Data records
=======
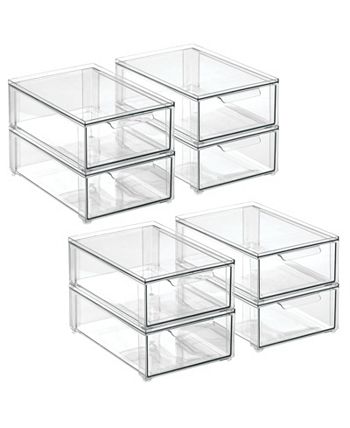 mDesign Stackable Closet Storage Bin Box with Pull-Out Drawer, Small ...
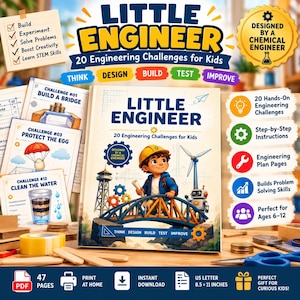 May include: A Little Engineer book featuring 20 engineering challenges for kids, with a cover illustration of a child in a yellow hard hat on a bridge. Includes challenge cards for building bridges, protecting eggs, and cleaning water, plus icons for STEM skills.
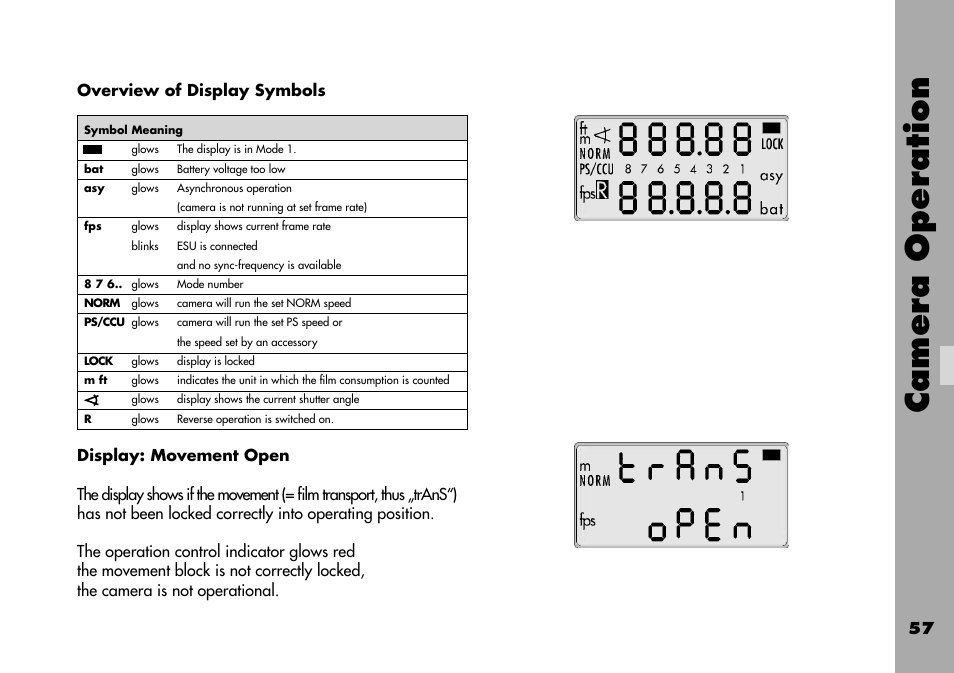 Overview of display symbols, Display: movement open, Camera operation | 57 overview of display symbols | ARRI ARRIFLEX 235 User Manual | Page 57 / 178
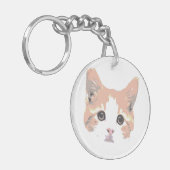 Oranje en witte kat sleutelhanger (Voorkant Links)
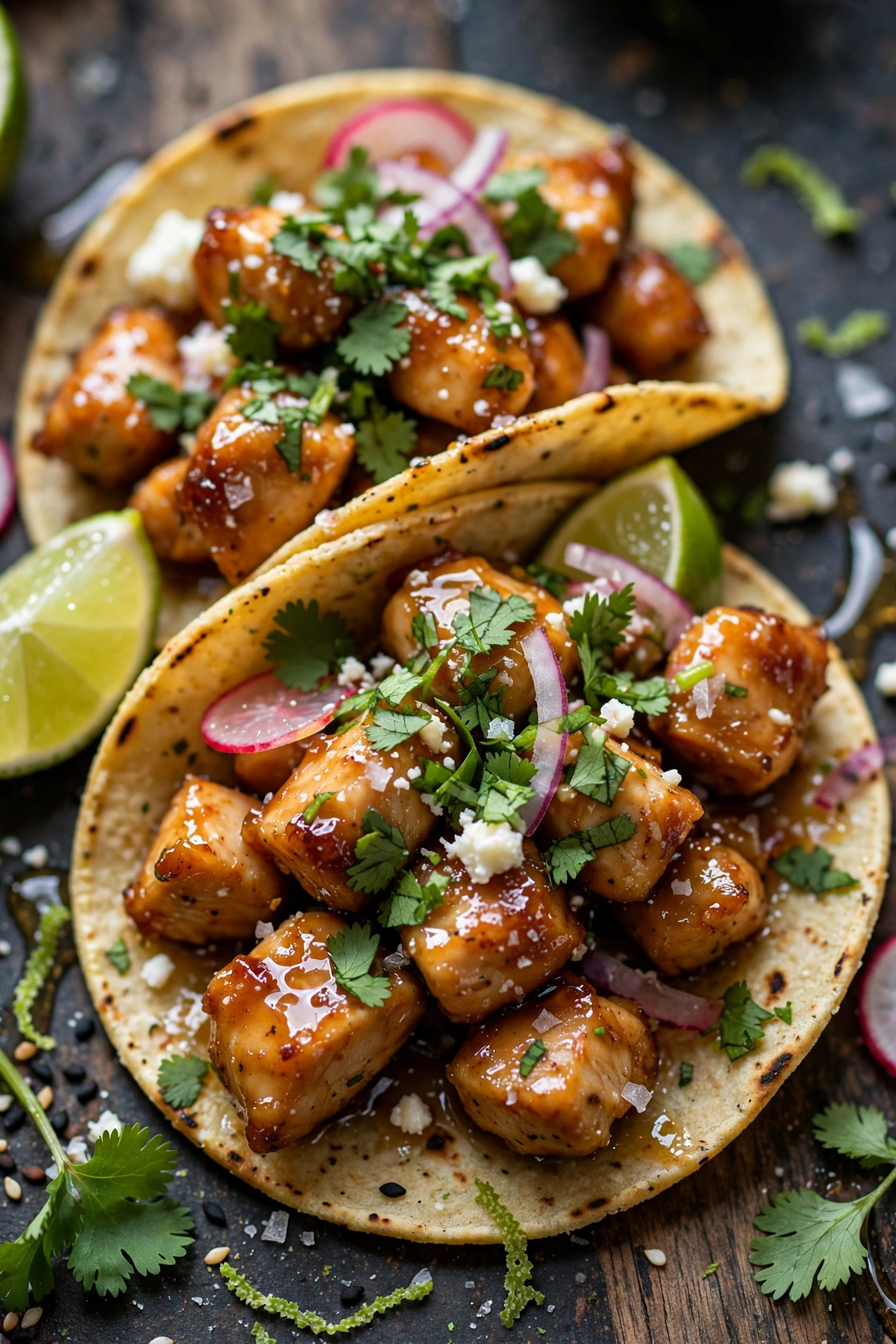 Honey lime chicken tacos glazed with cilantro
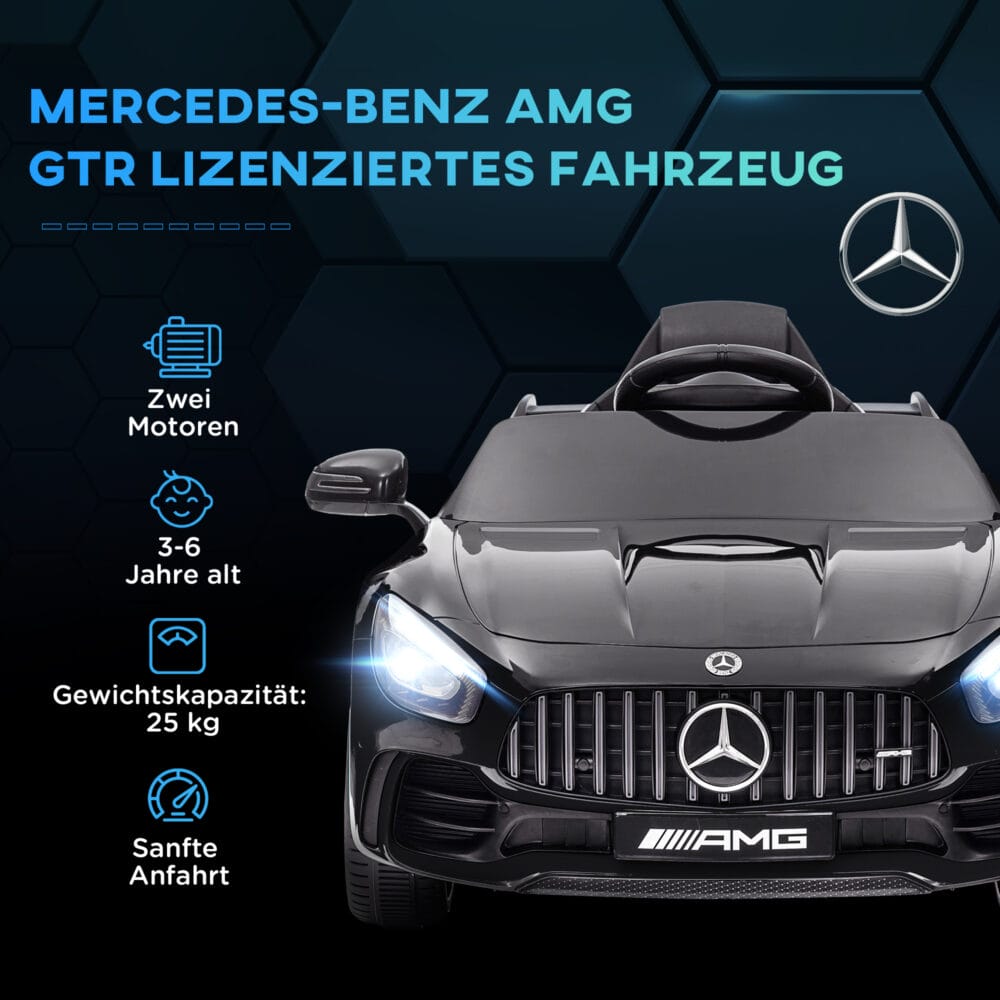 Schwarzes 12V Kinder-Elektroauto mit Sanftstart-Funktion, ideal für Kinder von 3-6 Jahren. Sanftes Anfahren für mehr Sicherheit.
=======
→ Directions for this task
Up to and including the line that holds "May include: A", restate word for word each line of the records from their start, and only those lines, leaving out the pictures.

→ Result for this task
 mDesign Stackable Closet Storage Bin Box with Pull-Out Drawer, Small ...
 May include: A Little Engineer book featuring 20 engineering challenges for kids, with a cover illustration of a child in a yellow hard hat on a bridge. Includes challenge cards for building bridges, protecting eggs, and cleaning water, plus icons for STEM skills.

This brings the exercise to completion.